Computing sciences professor helps reveal hidden patterns with new book on data mining
It's the second book for PACKT Publishing for Megan Squire, professor of computing sciences.
In writing about how to mine data for trends and patterns, Computing Sciences Professor Megan Squire was able to draw from the lessons and challenges she puts before her students at Elon to help educate a broad range of information technology professionals.
For her latest book, "Mastering Data Mining with Python: Finding patters hidden in your data," Squire drew from data sets she uses in her own academic research to teach the steps for analyzing expansive pools of data points through data mining, which she describes to the uninitiated as "using statistics and databases to figure out the patterns you are looking for."
"One of the reasons this book came together so well is that it mirrors what I do in my classrooms," Squire said. "The biggest challenge was coming up with enough data sets that weren't boring, or that haven't been used a million times before. I was able to use the data from my traditional research in every chapter of my book."
It's Squire's second book for Packt Publishing, a U.K.-based publishing house that focuses on educational and instructional texts for IT professionals. Her first, "Clean Data," was published in May 2015, with both now available for sale through Amazon.com and other outlets.
To provide a sense of what data mining is, Squire points to one chapter in the book that looks at creating networks between people based on pieces of data about their own social activity.

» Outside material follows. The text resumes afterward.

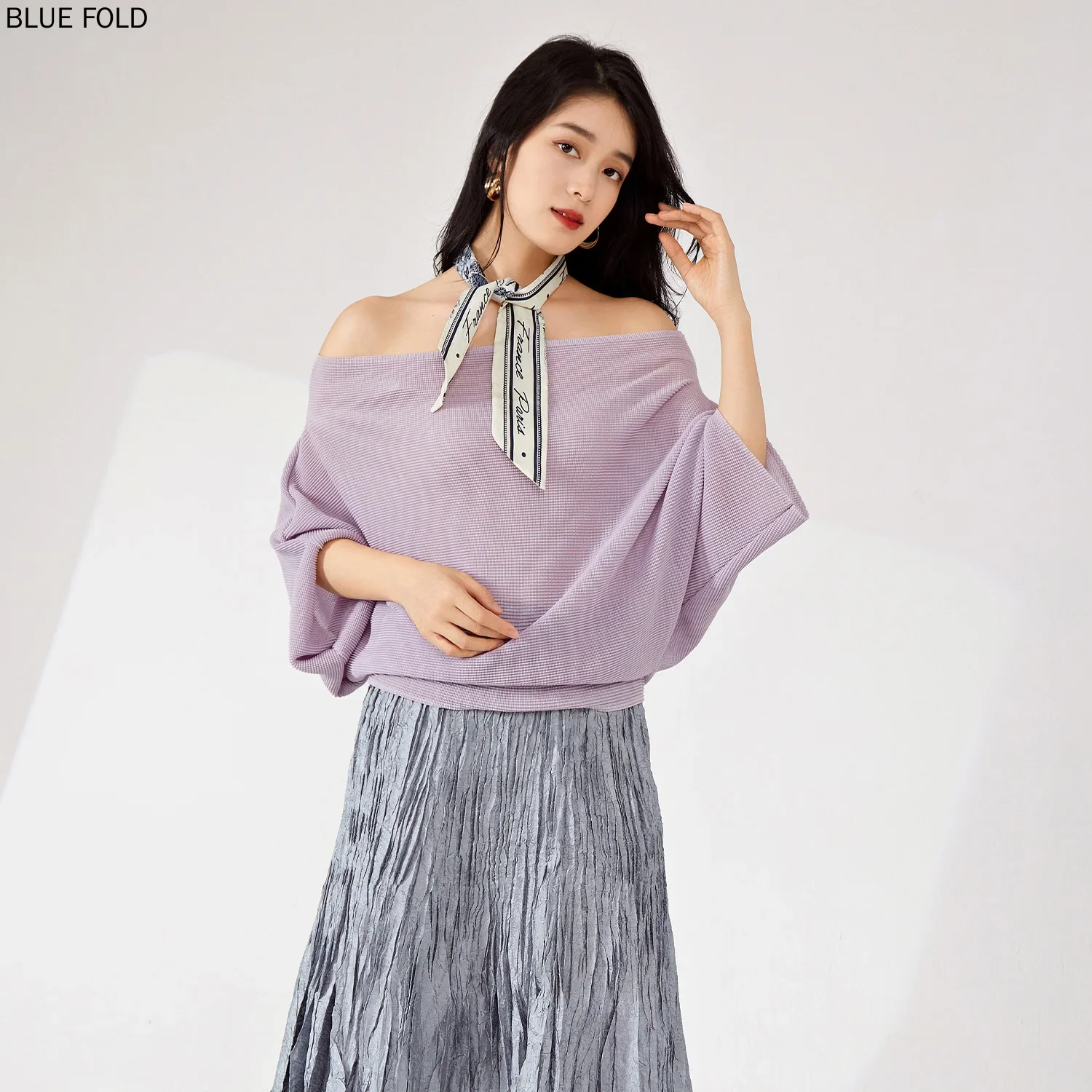 Miyake Slash Neck Bat-Sleeve T-Shirt for Women Loose Large Size Elegant Pleated High-End Fashion PLEATS Clothing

Data across a 10-year period about a very large pool of software developers can be mined to reveal networks between them that might not be initially apparent, Squire said.
"We implement a program that can slurp up all that data about a person, and then spit out a network," Squire said.
Squire said Packt originally approached her several years ago about writing a data mining book, but at the time, she preferred to focus on what became "Clean Data." Squire said writing a book is a learning experience for her as well, as she works to explaining lessons and concepts to readers.
"You learn it so much better when you're writing it so explicitly," Squire said. "I learn a lot from writing these books because you can't gloss over things."
Looking ahead, Squire said she'd like to explore machine learning in a future book. Machine learning is the process of using statistics and computational methods to predict future outcomes based on a known case. She points to spam filtering as a classic example, but says machine learning has become much more complex and widespread.
"It's behind everything cool these days," Squire said.